- _WHAT YOU ARE ASKED TO DO_: Set down a true copy of the data, with all pictures left out.
____ RECORDS SHOWN
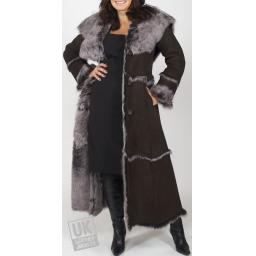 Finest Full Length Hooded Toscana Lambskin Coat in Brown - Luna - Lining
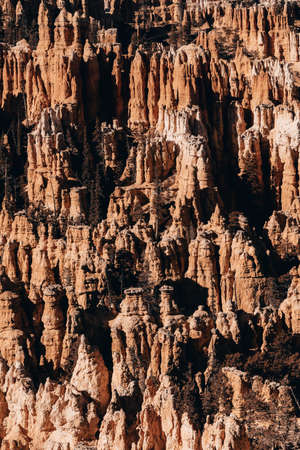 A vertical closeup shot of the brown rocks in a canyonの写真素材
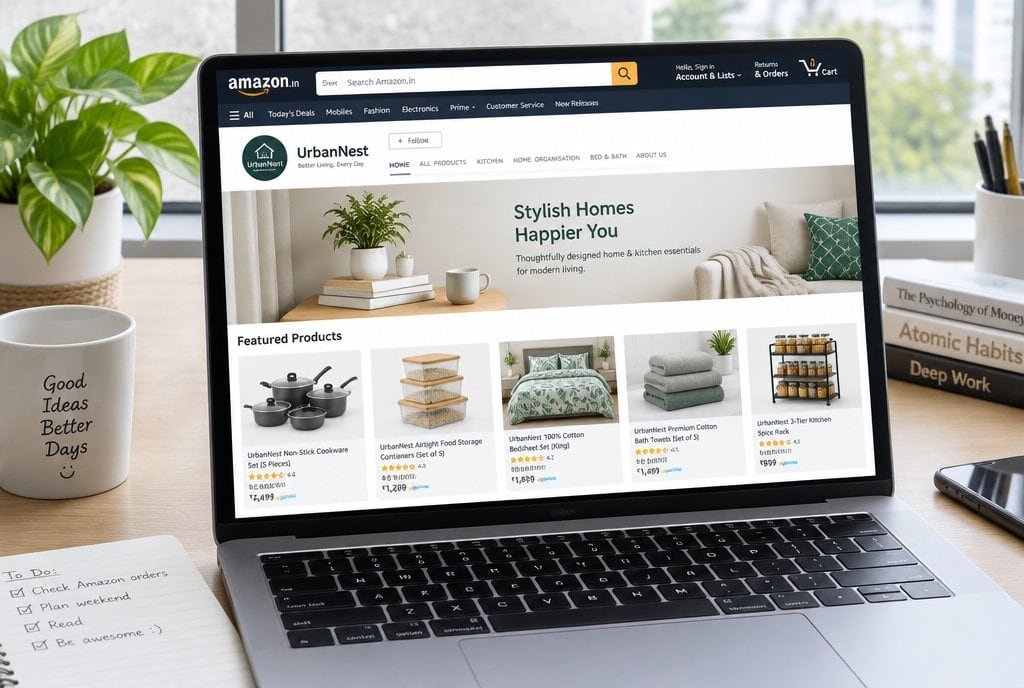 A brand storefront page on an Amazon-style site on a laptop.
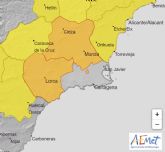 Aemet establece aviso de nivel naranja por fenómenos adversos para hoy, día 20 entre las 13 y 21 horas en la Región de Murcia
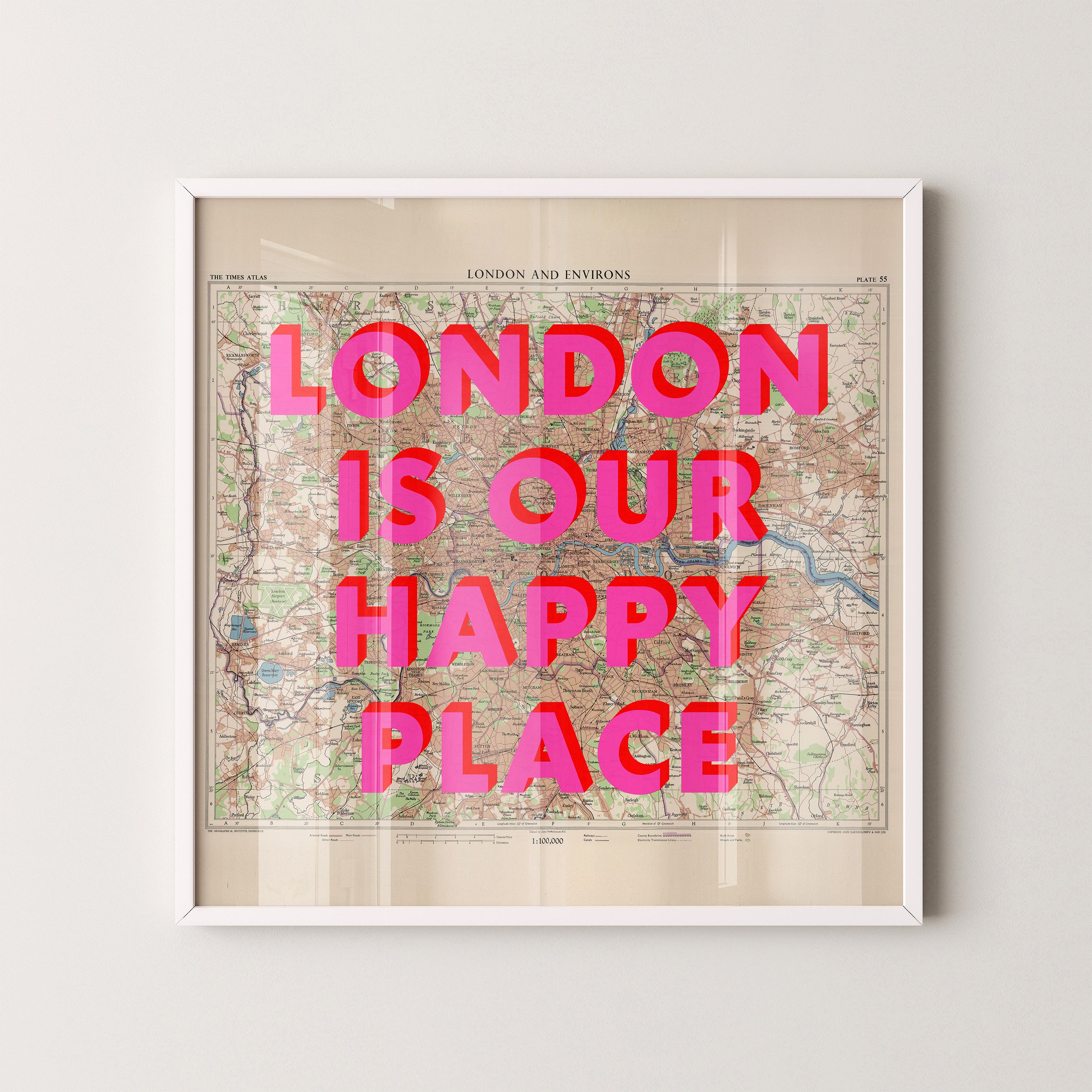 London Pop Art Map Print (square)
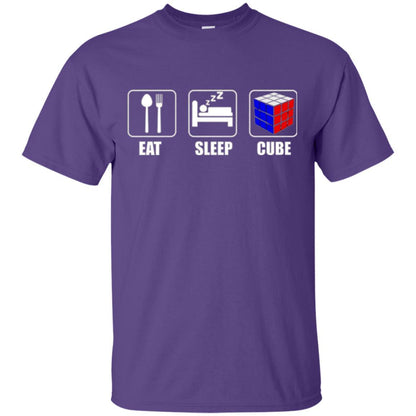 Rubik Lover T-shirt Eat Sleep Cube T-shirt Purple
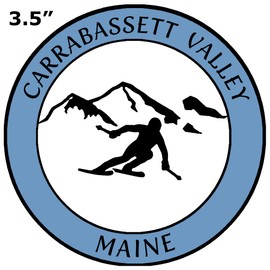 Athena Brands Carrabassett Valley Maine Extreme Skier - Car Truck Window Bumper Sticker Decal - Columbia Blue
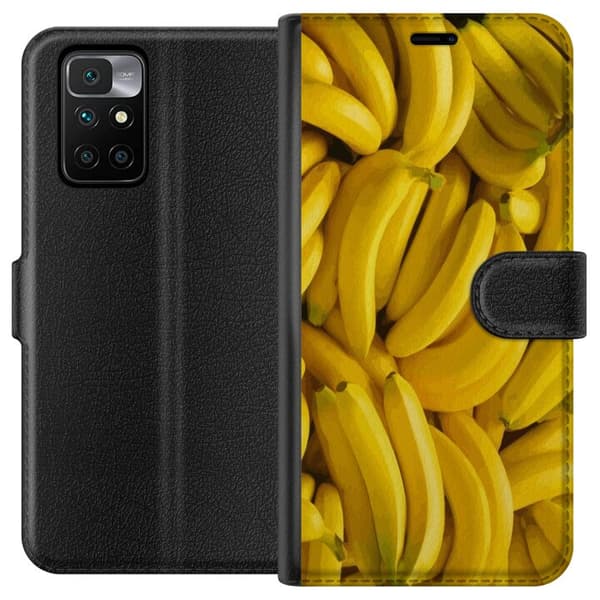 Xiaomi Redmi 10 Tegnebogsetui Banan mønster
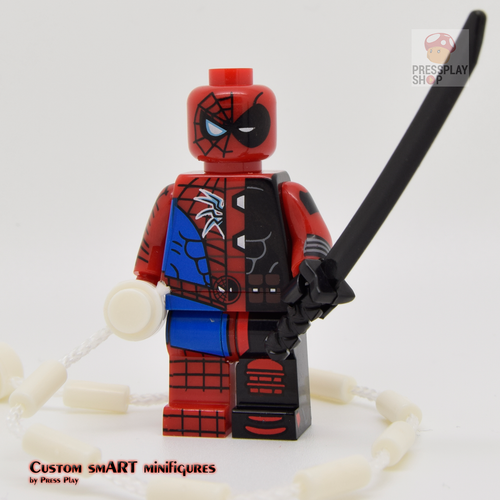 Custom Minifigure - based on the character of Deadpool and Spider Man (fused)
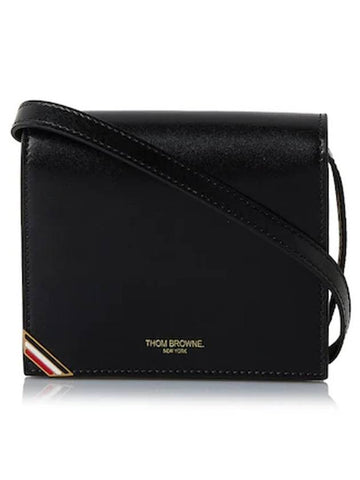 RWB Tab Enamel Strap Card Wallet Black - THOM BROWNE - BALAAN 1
________
- _WRITTEN RESPONSE_:
 Finest Full Length Hooded Toscana Lambskin Coat in Brown - Luna - Lining
 A vertical closeup shot of the brown rocks in a canyonの写真素材
 A brand storefront page on an Amazon-style site on a laptop.
 Aemet establece aviso de nivel naranja por fenómenos adversos para hoy, día 20 entre las 13 y 21 horas en la Región de Murcia
 London Pop Art Map Print (square)
 Rubik Lover T-shirt Eat Sleep Cube T-shirt Purple
 Athena Brands Carrabassett Valley Maine Extreme Skier - Car Truck Window Bumper Sticker Decal - Columbia Blue
 Xiaomi Redmi 10 Tegnebogsetui Banan mønster
 Custom Minifigure - based on the character of Deadpool and Spider Man (fused)
 RWB Tab Enamel Strap Card Wallet Black - THOM BROWNE - BALAAN 1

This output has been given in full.